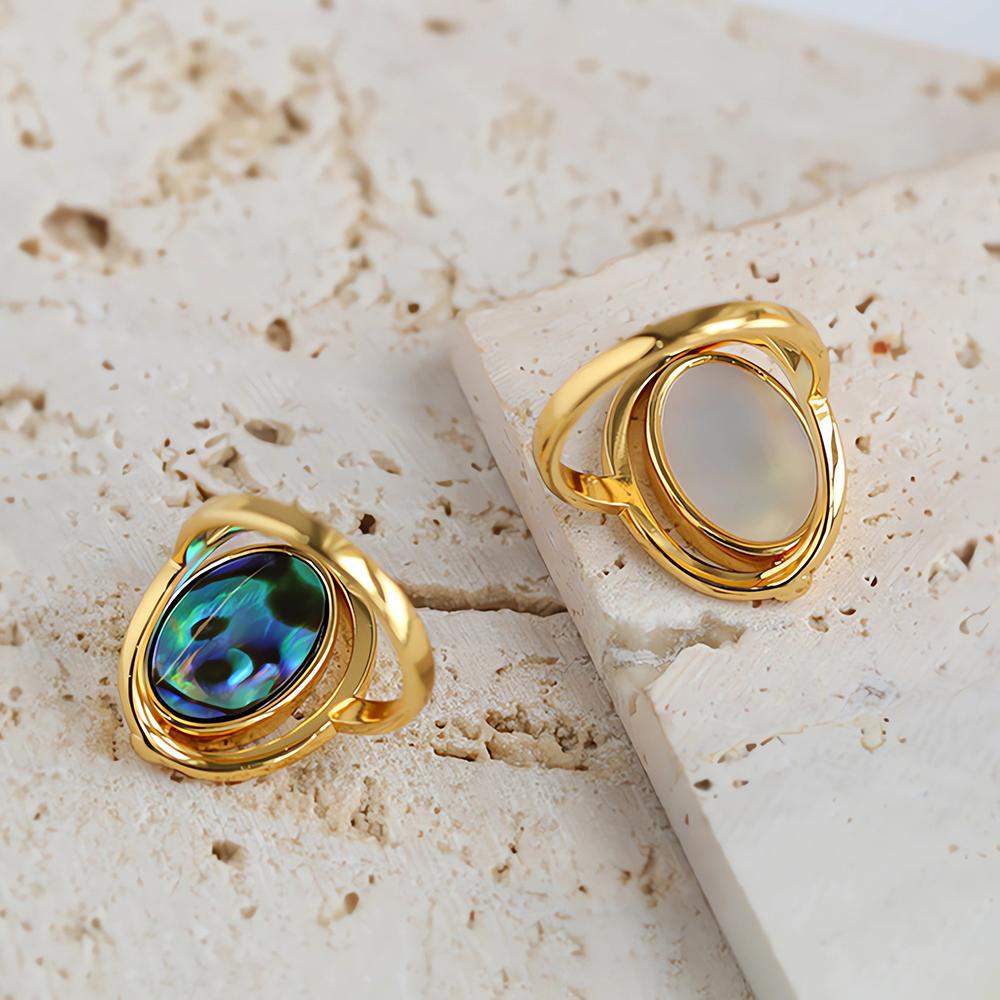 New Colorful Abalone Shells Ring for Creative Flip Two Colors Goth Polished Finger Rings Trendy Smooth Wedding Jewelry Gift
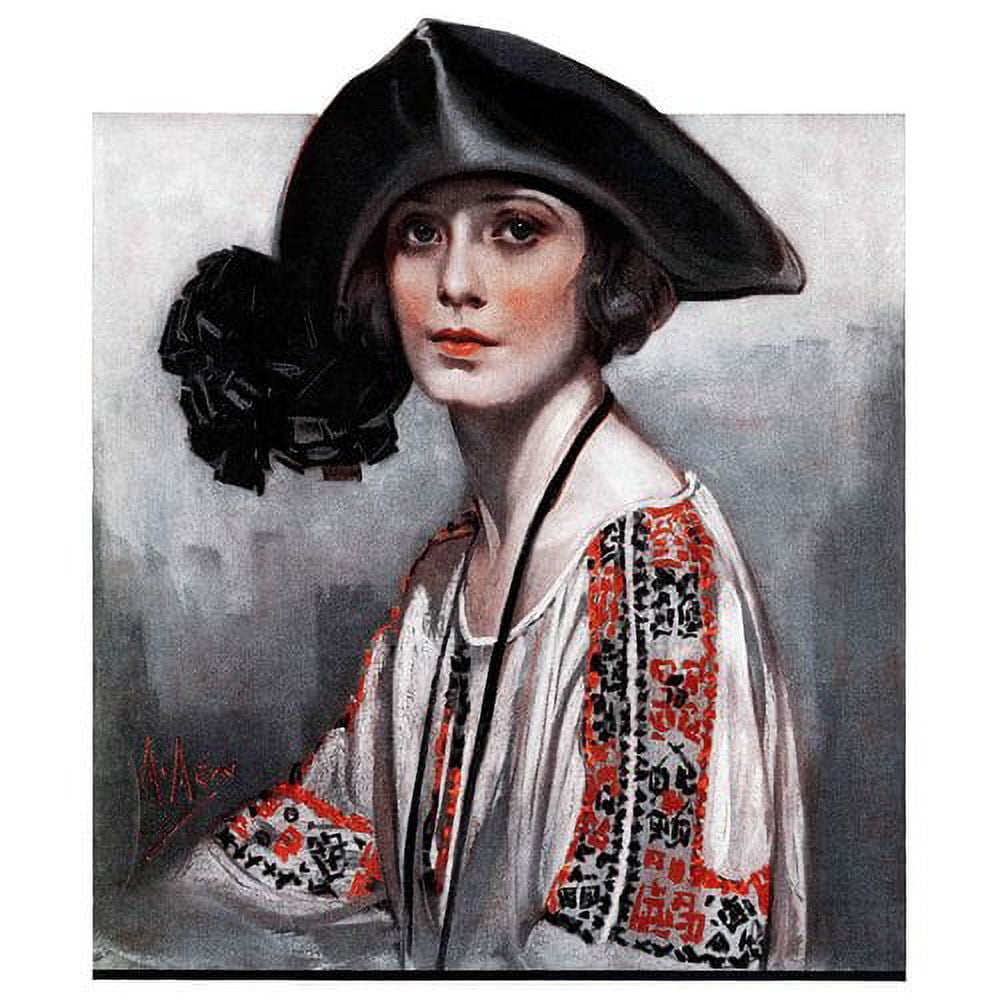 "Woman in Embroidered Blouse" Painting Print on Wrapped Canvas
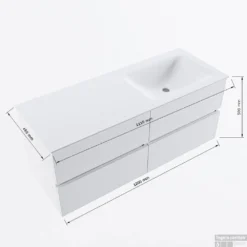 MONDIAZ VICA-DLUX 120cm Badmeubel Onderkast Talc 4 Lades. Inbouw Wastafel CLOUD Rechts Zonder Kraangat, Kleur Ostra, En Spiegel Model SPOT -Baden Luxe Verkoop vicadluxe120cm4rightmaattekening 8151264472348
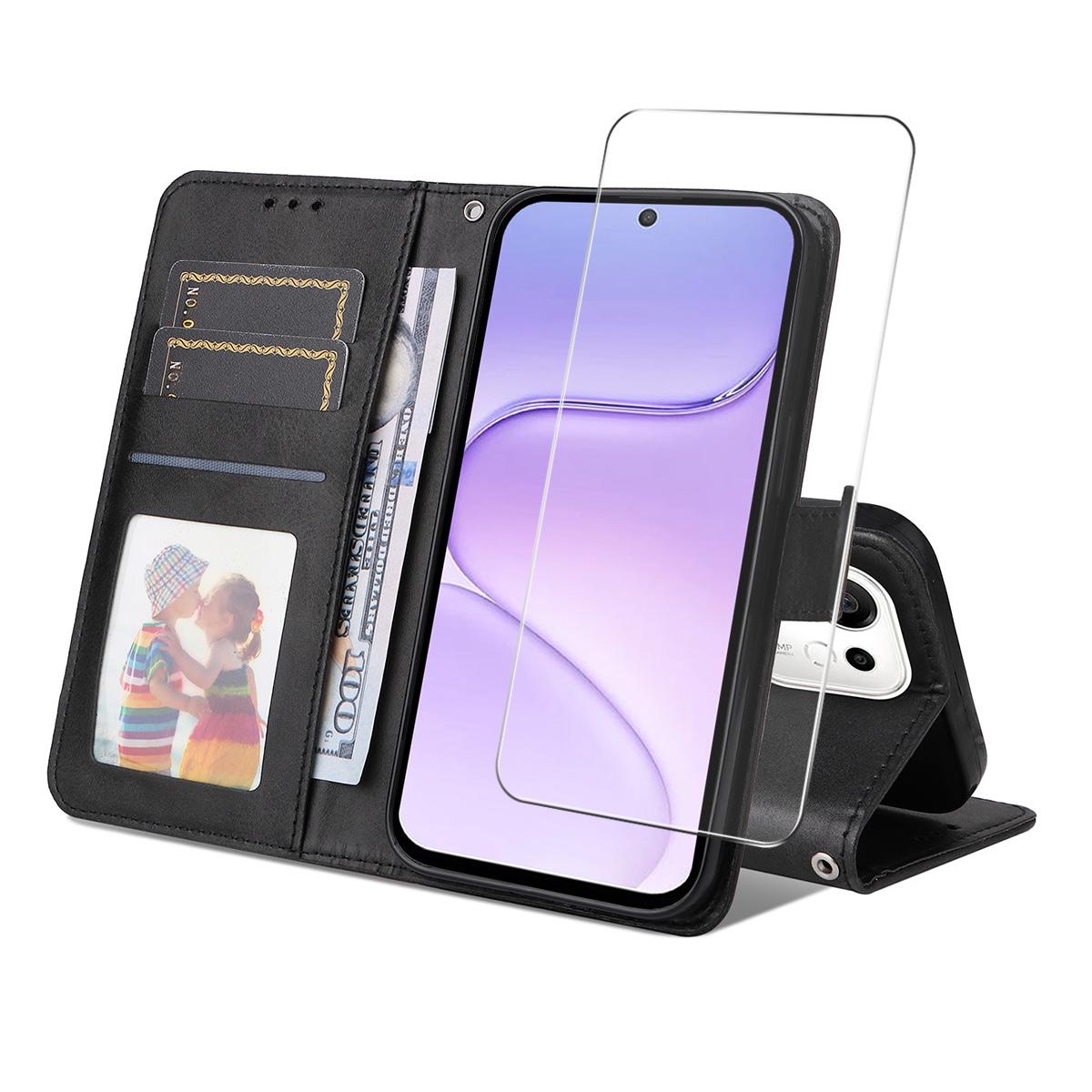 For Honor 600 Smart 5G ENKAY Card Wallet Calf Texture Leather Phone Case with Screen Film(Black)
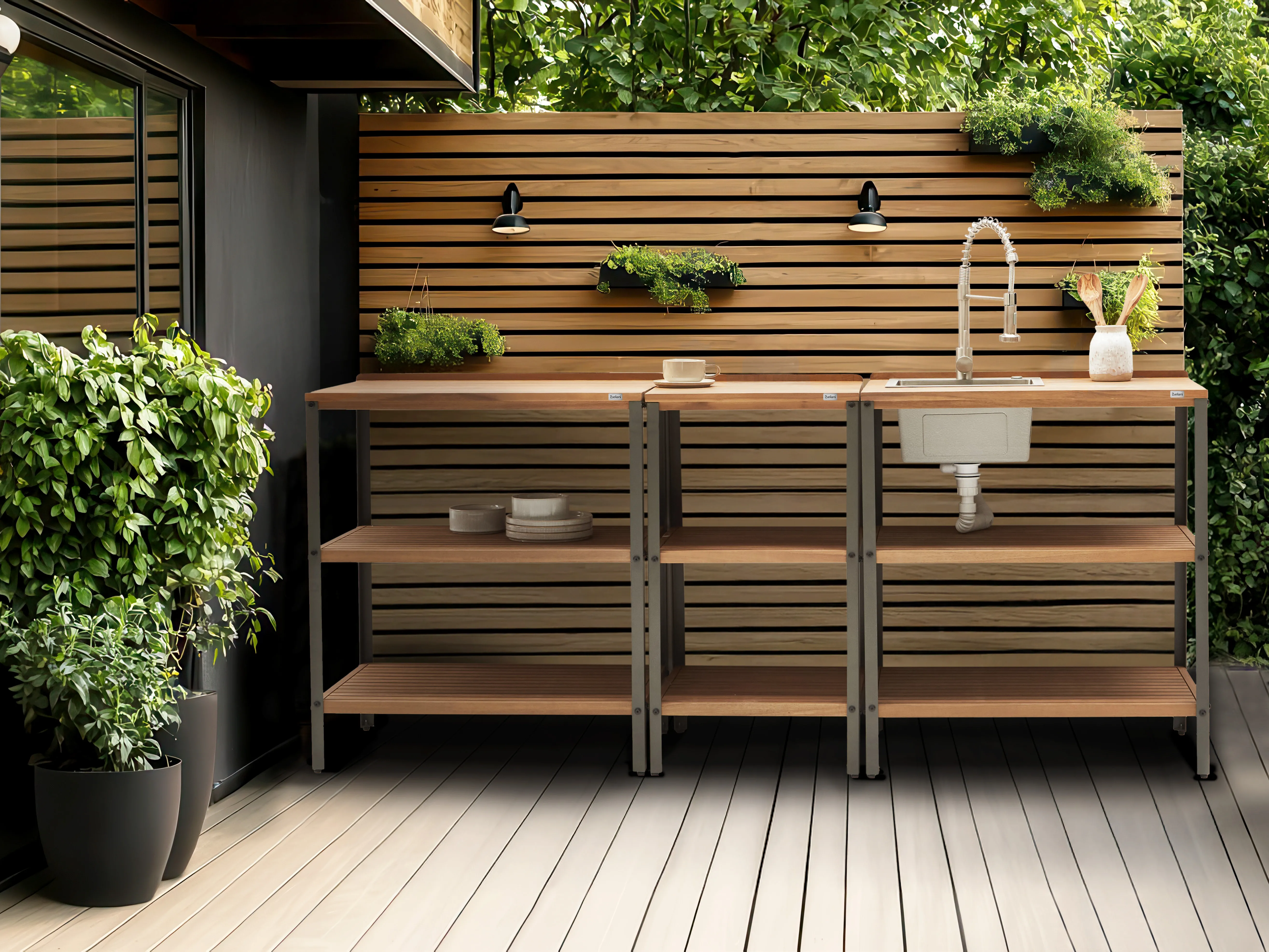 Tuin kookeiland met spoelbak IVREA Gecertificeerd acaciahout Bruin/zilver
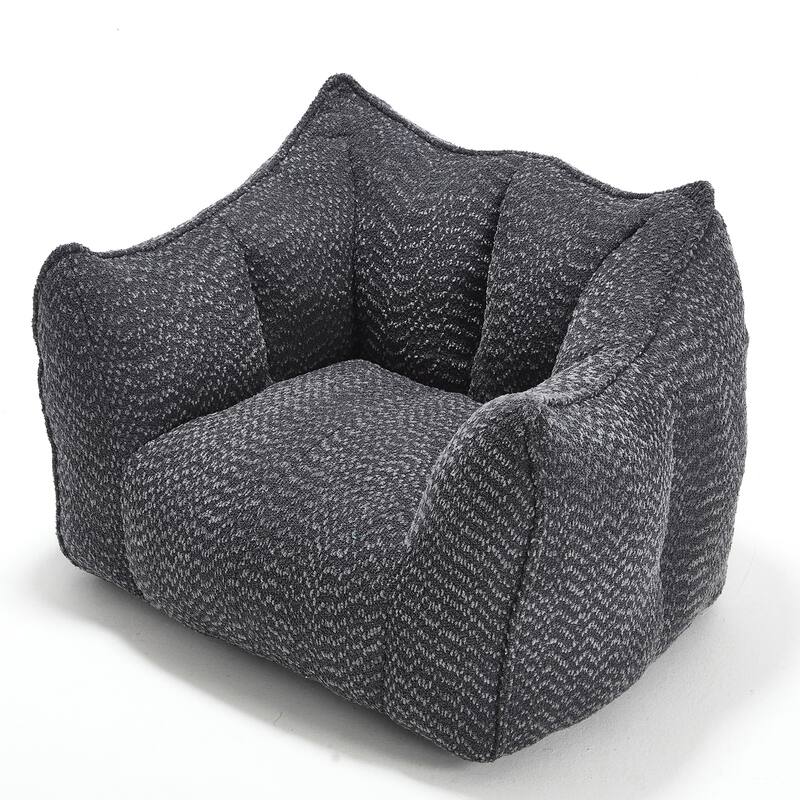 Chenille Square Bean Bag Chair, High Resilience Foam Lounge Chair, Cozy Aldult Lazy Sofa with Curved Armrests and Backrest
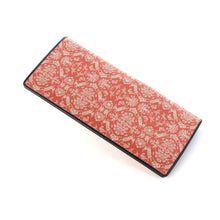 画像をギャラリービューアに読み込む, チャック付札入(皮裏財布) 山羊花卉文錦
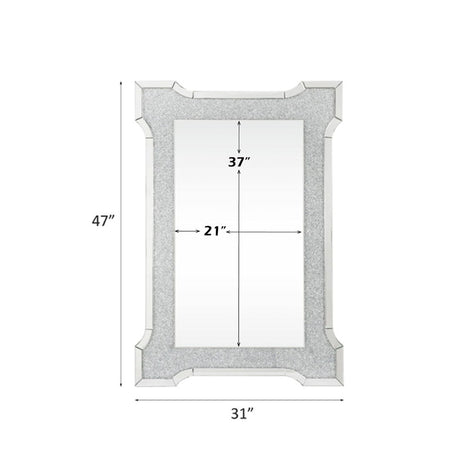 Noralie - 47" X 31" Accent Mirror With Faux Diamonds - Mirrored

**What is being asked:** Would you repeat the entries exactly, but with no pictures?

**Answer for the task:**
 New Colorful Abalone Shells Ring for Creative Flip Two Colors Goth Polished Finger Rings Trendy Smooth Wedding Jewelry Gift
 "Woman in Embroidered Blouse" Painting Print on Wrapped Canvas
 MONDIAZ VICA-DLUX 120cm Badmeubel Onderkast Talc 4 Lades. Inbouw Wastafel CLOUD Rechts Zonder Kraangat, Kleur Ostra, En Spiegel Model SPOT -Baden Luxe Verkoop vicadluxe120cm4rightmaattekening 8151264472348
 For Honor 600 Smart 5G ENKAY Card Wallet Calf Texture Leather Phone Case with Screen Film(Black)
 Tuin kookeiland met spoelbak IVREA Gecertificeerd acaciahout Bruin/zilver
 Chenille Square Bean Bag Chair, High Resilience Foam Lounge Chair, Cozy Aldult Lazy Sofa with Curved Armrests and Backrest
 画像をギャラリービューアに読み込む, チャック付札入(皮裏財布) 山羊花卉文錦
 Noralie - 47" X 31" Accent Mirror With Faux Diamonds - Mirrored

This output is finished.